In a conversation with a bright 30 something, I learned that a person insisted that the Google Search Appliance was “simple and easy”. I asked the person, “Did the speaker understand that information is inherently difficult so search is not usually simple?”

The 30 something did not hesitate. “Google makes the difficult look easy.”

The potential search system customer might hear the word “simple” and interpret the word and its intent based on the listener’s experience, knowledge, and context. “Simple”, like transparency, is a word that covers a multitude of meanings.

My concern is that search has to deliver information to a user with a need for fact, opinion, example, or data. None of these notions is known to the software, electrical devices, and network systems without considerable technical work. Computers are generally pretty predictable. Smart software improves the gizmo, but the smarter software becomes the less simple it is.

So, when a system like the Google Search Appliance or any search system for that matter is described as simple, I have questions. I don’t think the GSA is simple. The surface interface is simplified. The basic indexing engine is locked up and accessible via point and click interfaces or scripts that conform to the OneBox API. But anyone who has tried to cluster GSAs and integrate the system into proprietary file types knows that the word “simple” is pretty much wrong.

Now what about search becoming “simple and easy”?

Search is simple because of the browser and the need to type some words in a search box or look at a list of links and click one. Search is not simple. I would go so far as to say that any system that purports to allow a user to access digital information is one of the most complex technical undertakings engineering, programmers, and other specialists have undertaken.

That’s why search is generally annoying to most of the people who have to use the systems.

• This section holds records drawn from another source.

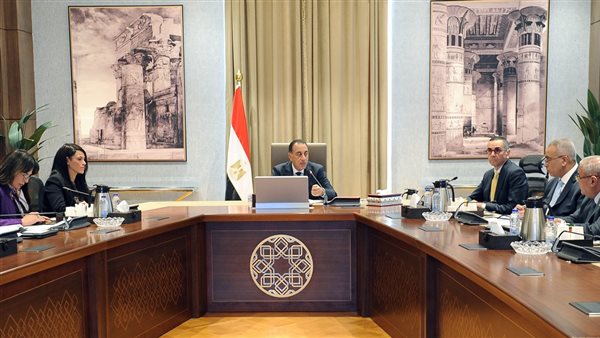 رئيس الوزراء يستعرض الهيكل التنظيمي لوحدة إعادة هيكلة الشركات المملوكة للدولة رئيس الوزراء يستعرض الهيكل التنظيمي لوحدة إعادة هيكلة الشركات المملوكة للدولة
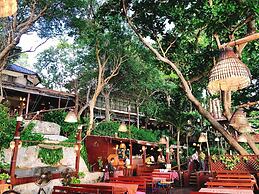 Birds and Bees Resort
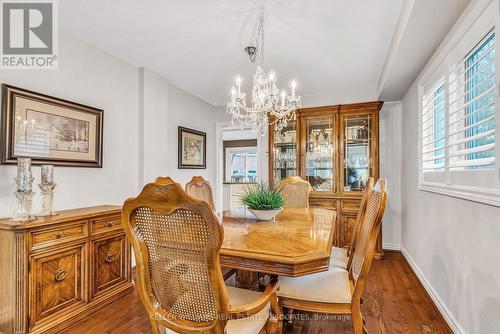 1601 Wintergrove Gardens, Mississauga, ON - Indoor Photo Showing Dining Room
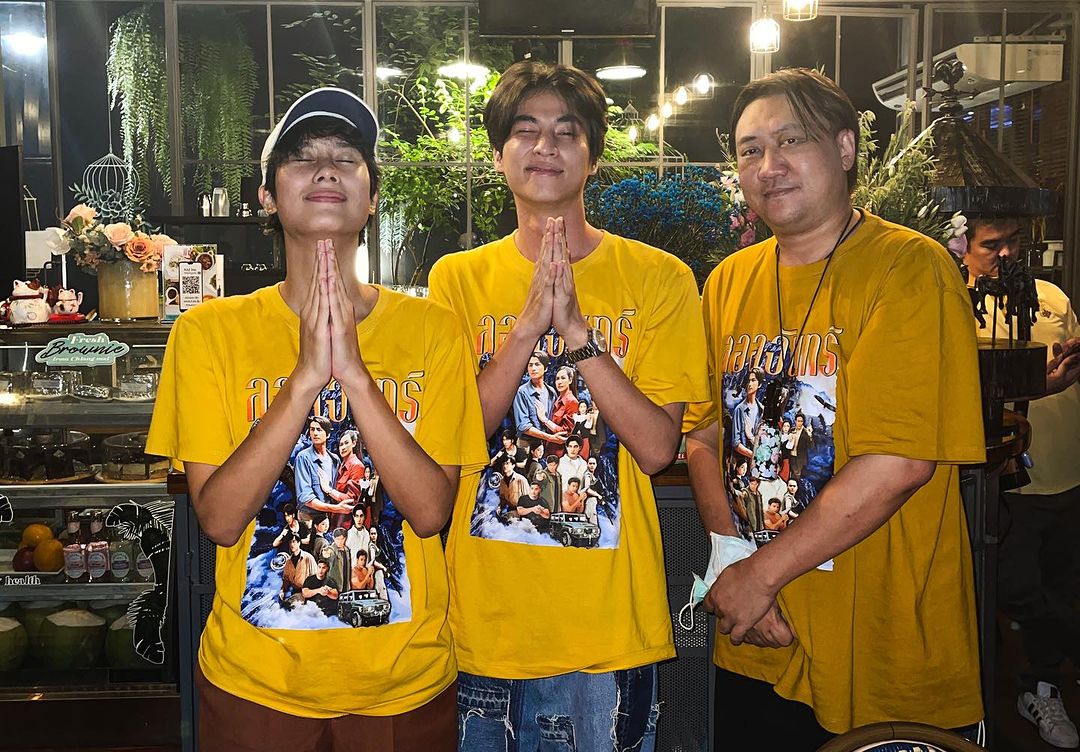 Gulfkanawutofc's tweet photo. งานเลี้ยงปิดกล้อง #ลออจันทร์ รอติดตามชมกันต้นปีหน้า...ขอเป็นพรุ่งนี้เลยได้มั้ยคะ🤩

รูปสวยๆจากIG คุณบี :  bewachi

#ดวงใจเทวพรหม
#GulfKanawut 
@gulfkanawut https://t.co/ElvOhINLxn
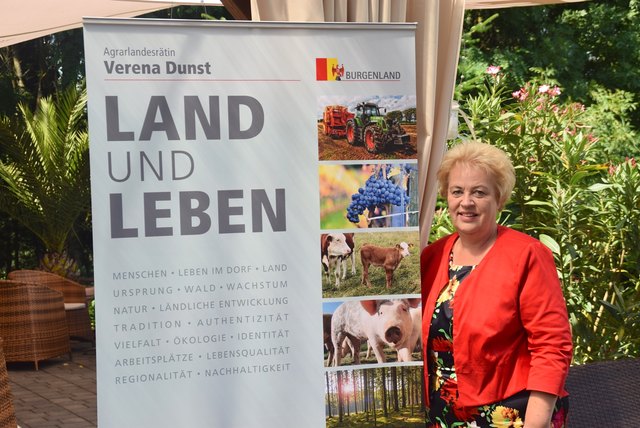 Verena Dunst (SPÖ) hat von Andreas Liegenfeld (ÖVP) das Agrarressort in der Landesregierung übernommen.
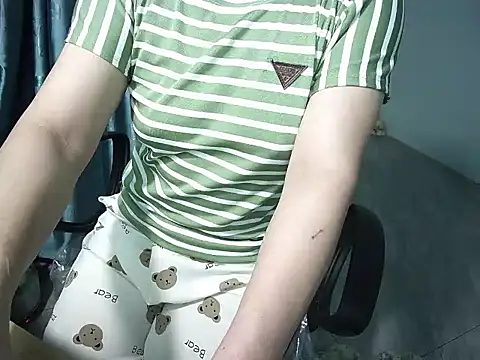 Snapshot of _Sara_768 chatting on April 14, 2026, 9:20 pm Sara 768 online show from April 14, 2026, 9:20 pm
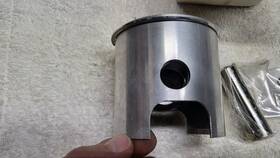 161053604 Husqvarna Nos Vintage Piston Kit 1966 - 1971 360 2nd Over
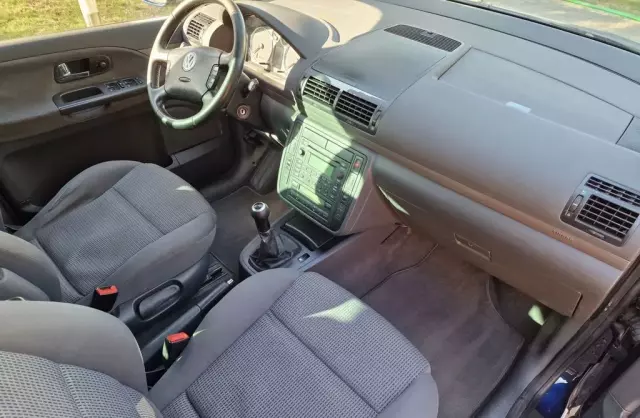 VOLKSWAGEN Sharan 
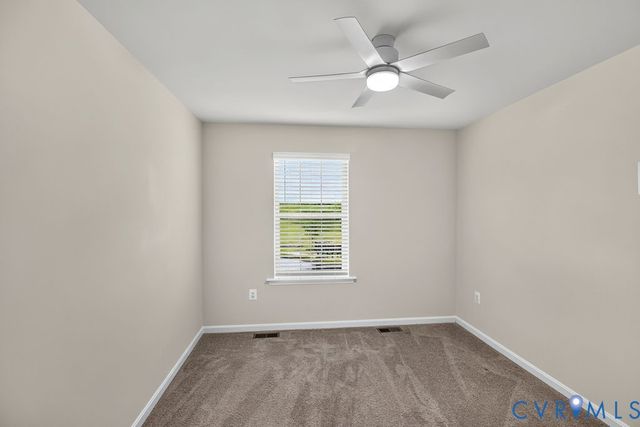 7040 Paine Pl, Ruther Glen, VA 22546
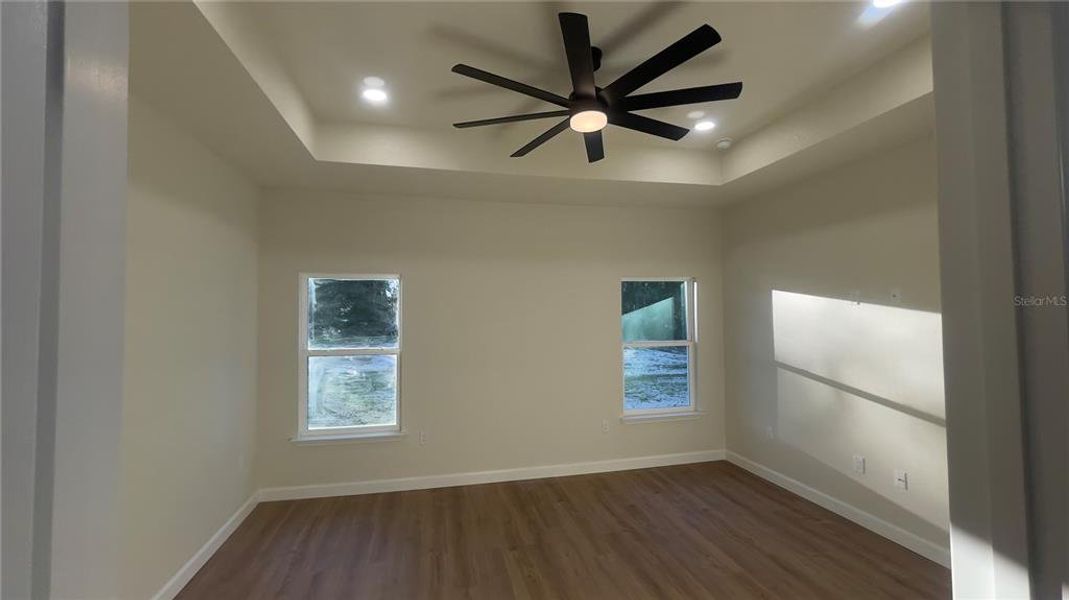 Spacious, unfurnished interior of a new home in , Chiefland (Image 26).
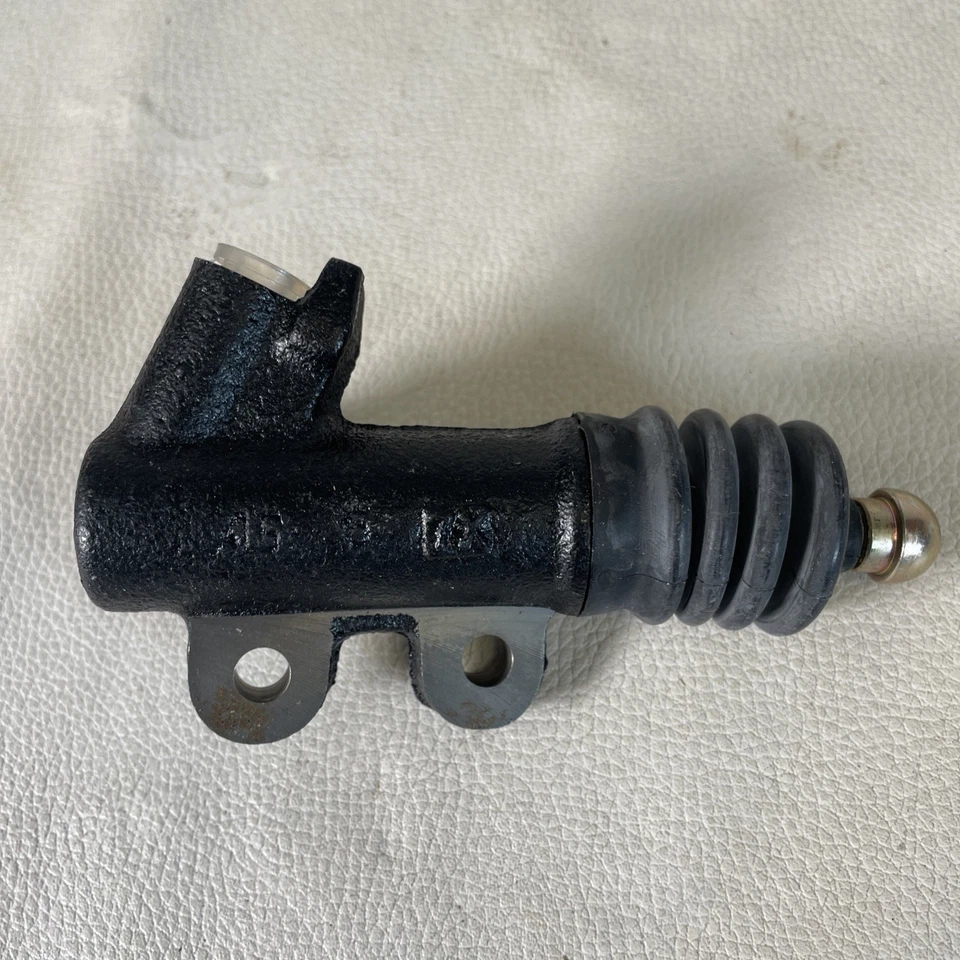 Cilindro de ahorro de embrague Tomico hecho en Japón Nissan/Datsun -finales de los 70-principios de los 80 (?) Foto 3 de 4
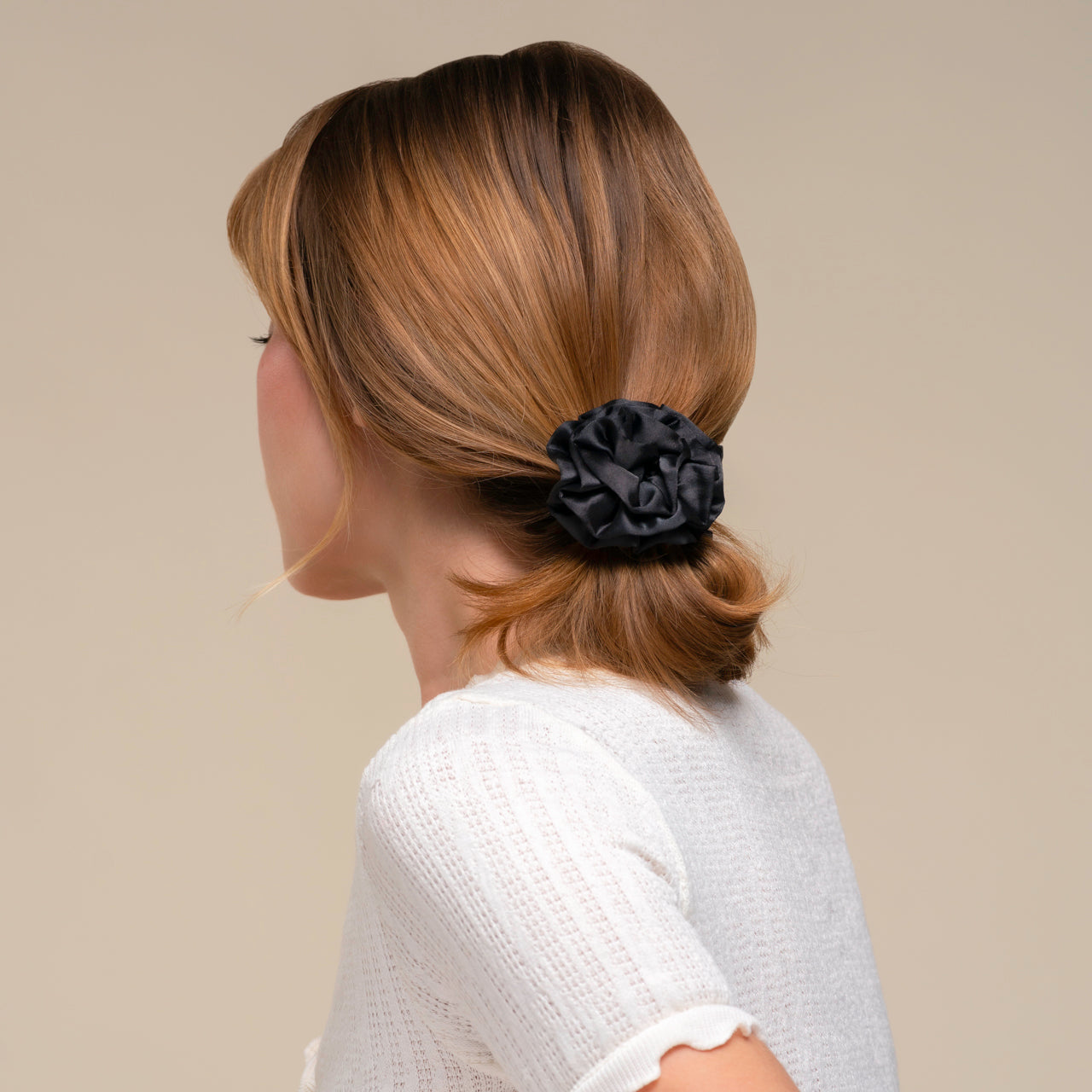kitsch-black-rosette-ruched-satin-scrunchie-haargummi-schwarz image 3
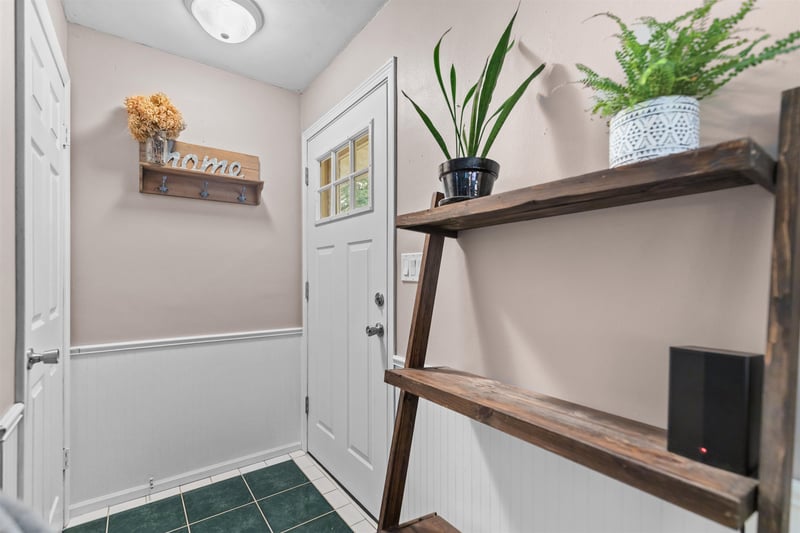 807 S Christine St, Appleton, WI 54915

Now let’s consider the notion of a “transparent search system.” I have to tell you that I don’t know why the word “transparency” has become a code word for “not secret”. When someone tells me that a company is transparent, I don’t believe them. A company cannot be transparent. Most outfits have secrets, market with ferocity first and facts second, and wheel and deal to the best of their ability. None of this “information” becomes available unless there’s a legal matter, a security breach, or a very careless executive.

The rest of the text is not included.